PLAYING WITH RAW MATERIALS
“Today, there needs to be a narrowing of things: while the world is transitioning, fashion needs to refocus its eye,” Jonathan W. Anderson explained backstage the main message behind his Spring-Summer 2025 collection, which was made exclusively out of four raw materials - cashmere, calf leather, silk and sequins, that were treated with different techniques on top to change the versatility of the fabrics. “We are in the moment, where the industry has to look at itself and say where it's going in the next decade. For me, it all goes down to raw material, which defines where quality is, and how we look at fashion” he continued. “The raw material in fashion is one of the most exciting things about what we do, it has endless ways how you can interpret it.” The result? A minimalist collection of extraordinary designs, playful, bold and charming.
BRINGING MINI BACK
The collection, presented at Old Billingsgate on the river Thames, was centred around an array of mini dresses: hand and machine-knitted, woven, inflated, deconstructed and reconstructed. There were laid-back options in colourful silks with trompe l’oeil buttons, fake pockets, zips and hoods and some over-the-top party and arty versions adorned with sequins. Two dresses featured a page from art critic Clive Bell’s study on art and design and whether they should sit together (Anderson said backstage that this is his vision of a blank page). But maybe the most mind blowing version of the timeless style was the graphic calf leather dresses with perfectly round disk-shaped skirts, a nod to ballet tutus.
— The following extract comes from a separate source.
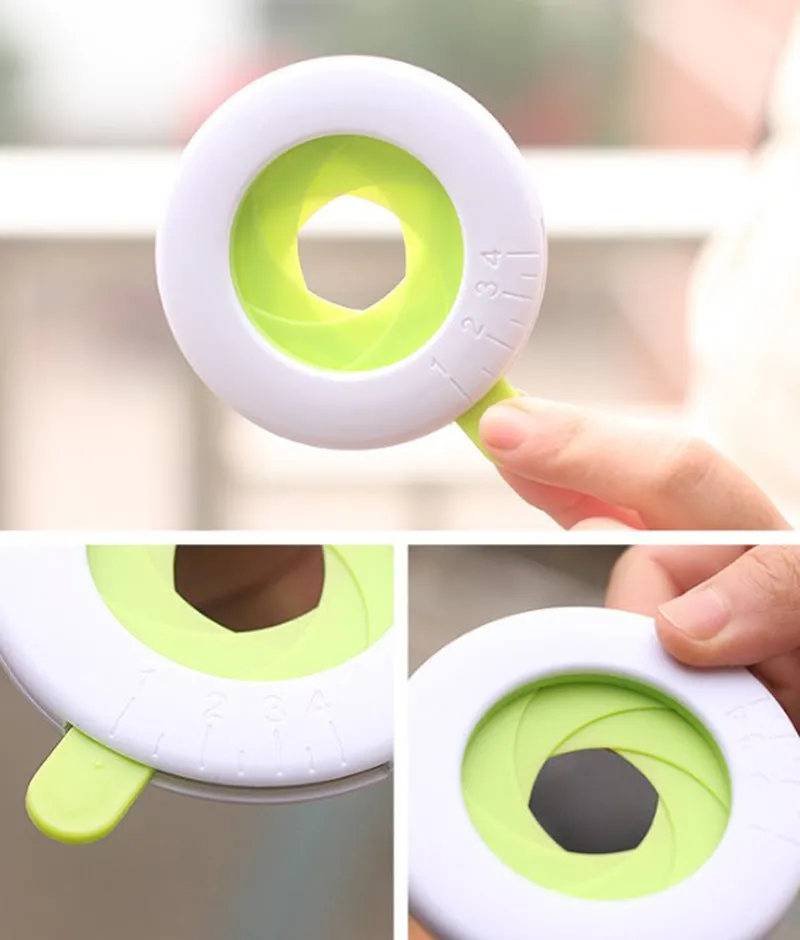 Plastic pasta noodle thickness selector tool with rotating dial, 8x9x1cm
So, why mini? “I wanted something quite girly,” the designer smiled backstage, saying that he is often inspired by his younger sister, her Northern Irish girlfriends and how they all get together and dress when they go out. “There is a toughness and kind of attitude of a JW Anderson girl. I wanted something which was a non-compromisable look, a very tight silhouette.”
IT’S NOT ALL ABOUT BUSINESS
This year, London Fashion Week is celebrating its 40th anniversary, so it comes as no surprise that the journalists backstage were curious to find out what JW Anderson, who contrary to other British star designers, has always been loyal to the city where he started his career, will do next. Don’t worry, London will always have JW Anderson, he doesn’t want to show his womenswear anywhere else (even if he presents menswear during Milan FW, and his Loewe catwalks are the highlights of Paris FW). “London is very important to me, it was the first place that gave me a platform, and I am loyal to it. Some of the greatest talents come out of London. And if we don’t keep the wrongs, the rights and the experimentation, where is London's purpose at this stage? Life is not always about business.”